**Exercise requirements**: Apart from the pictures, every entry below should be repeated exactly.

**The data**:
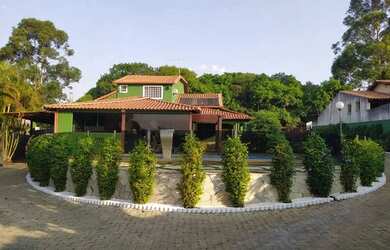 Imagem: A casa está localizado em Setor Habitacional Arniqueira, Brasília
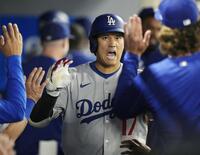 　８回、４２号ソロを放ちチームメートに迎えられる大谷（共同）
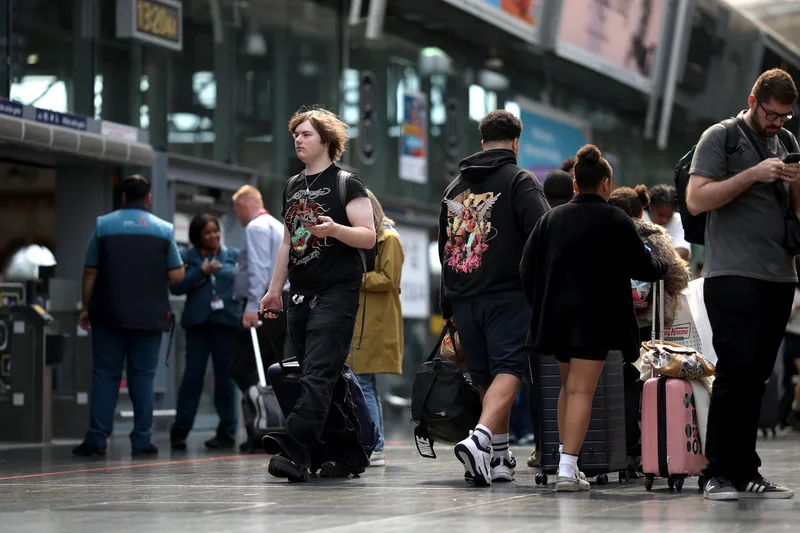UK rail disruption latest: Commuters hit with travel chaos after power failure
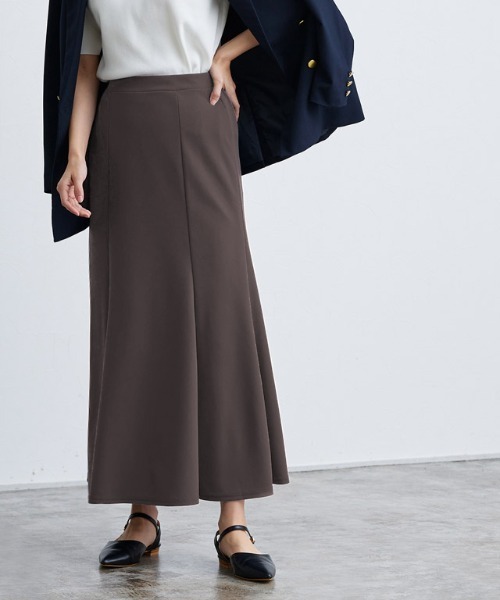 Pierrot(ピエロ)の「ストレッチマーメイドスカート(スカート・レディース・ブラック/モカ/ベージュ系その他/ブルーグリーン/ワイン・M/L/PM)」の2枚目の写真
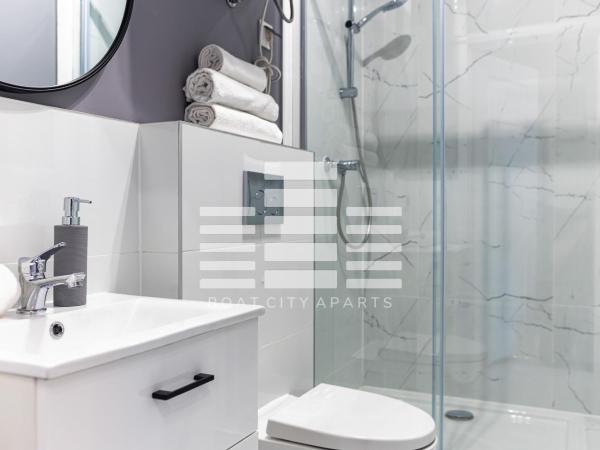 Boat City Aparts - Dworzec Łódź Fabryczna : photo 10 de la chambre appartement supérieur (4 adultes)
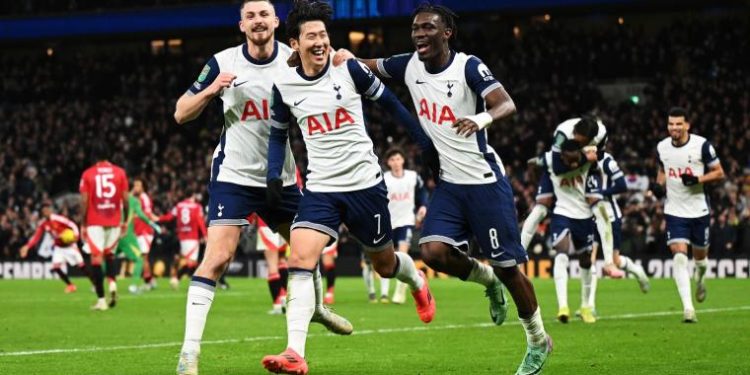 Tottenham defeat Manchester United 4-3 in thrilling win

**Answer**:
 Imagem: A casa está localizado em Setor Habitacional Arniqueira, Brasília
 　８回、４２号ソロを放ちチームメートに迎えられる大谷（共同）
UK rail disruption latest: Commuters hit with travel chaos after power failure
 Pierrot(ピエロ)の「ストレッチマーメイドスカート(スカート・レディース・ブラック/モカ/ベージュ系その他/ブルーグリーン/ワイン・M/L/PM)」の2枚目の写真
 Boat City Aparts - Dworzec Łódź Fabryczna : photo 10 de la chambre appartement supérieur (4 adultes)
 Tottenham defeat Manchester United 4-3 in thrilling win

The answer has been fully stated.